Augur: gender unimportant, trending older, possibly played by same actor as plays Neptune. Village elder and arbiter of the sacrifice.
Cupid: gender/age unimportant (would love a GNC or fluid actor). Repeatedly described as a “little god,” Cupid (god of love and desire) is a Puck prototype—mischievous, powerful, not too concerned with mortals. After one of Diana’s nymphs insults them, Cupid takes revenge by having the nymphs all fall in love with Gallathea and Phillida. Son of Venus.
Neptune: male presenting, age unimportant. Beard a bonus. God of the sea. Fairly crotchety and sure of his own importance. The anger that provoked him to demand a five-yearly virgin sacrifice is more of a memory than a current phenomenon. Once was in love with Venus (and vice versa).
Diana: female presenting, 12-25 (actual age not important. She’s more a girl than a woman). Virgin goddess, goddess of the hunt. Profoundly protective of her handmaidens. Fairly quick to anger. Strives to preserve the independence of her nymphs by protecting them from romantic love (and esp. lust).
Venus: female presenting, 25-50 (actual age not important. She’s more a woman than a girl). Goddess of love and beauty. Mother of Cupid. Believes very deeply in the power and transcendence of love. Sees Diana-like chastity as somewhat of a cop out. Recalls Neptune to his better self.
Telusa, Eurota, Ramia, Larissa (and possibly assorted others): female or femme presenting/age unimportant. Diana’s nymphs are sworn virgins, independent and fierce, at first confused when Cupid’s magic makes them fall in love and then equally angry about it. The Stage Door Series offers diverse, exciting, classically themed programming with simpler technical elements than a Gamut mainstage season production, focusing simply on the words and emotional journeys in a piece. All Stage Door productions are volunteer efforts.
Please do not send personal messages concerning acting roles to our staff. Audition questions and scheduling can be directed to our Resident Theatre Manager, Michelle, at 717-238-4111.
General Audition Information
Auditions are held at Gamut Theatre, 15 N. Fourth Street, Harrisburg, PA 17101. All auditions must be scheduled in advance, we do not accept walk-ins.
Actors are asked to present a memorized monologue one to two minutes in length and bring a headshot and a resume of their work.
If you are unavailable during our audition times and are still interested in auditioning, we will accept a video link or DVD audition. Please note that DVD auditions will not be returned.
Actors must be available for all of the performance dates for the production they are auditioning for. Please be sure to review performances dates in advance.
Technicians/Designers can set up an interview and will need a resume of theatre-related work experience as well as a sample of work, if applicable (i.e. a lighting design, sample production book, photos of craftwork, etc.)
Volunteers and novices can help with the productions by calling the theatre.

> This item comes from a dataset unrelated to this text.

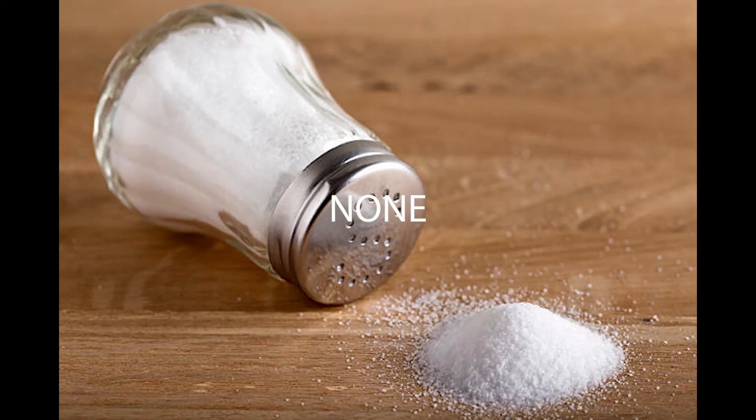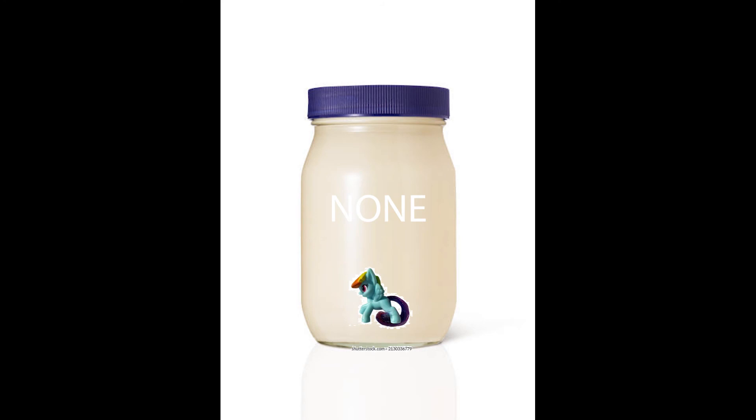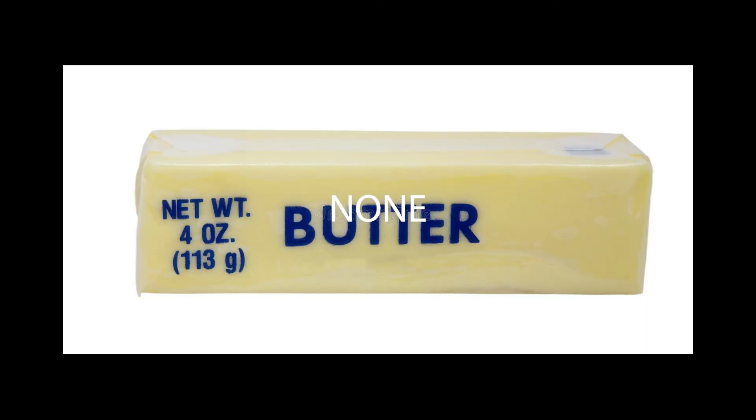No salt. No mayonnaise. No butter. Nothing.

Gamut Theatre Group is a professional non-equity theatre company. Most technical and acting positions are paid, with some internship and apprenticeship opportunities available. Paid positions receive a one-time sum issued at strike after the close of the show. Size of payment varies greatly depending on size of role or duties.
About Gamut's Core Company
Gamut Theatre Group is structured following the actor/manager model. All core company actors hold administrative jobs during office hours in addition to acting. Core company actors take part in children's shows as part of the Popcorn Hat Players and in Shakespearean productions as part of the Harrisburg Shakespeare Company. They are also educators, and teach many of the Theatre School classes offered at Gamut.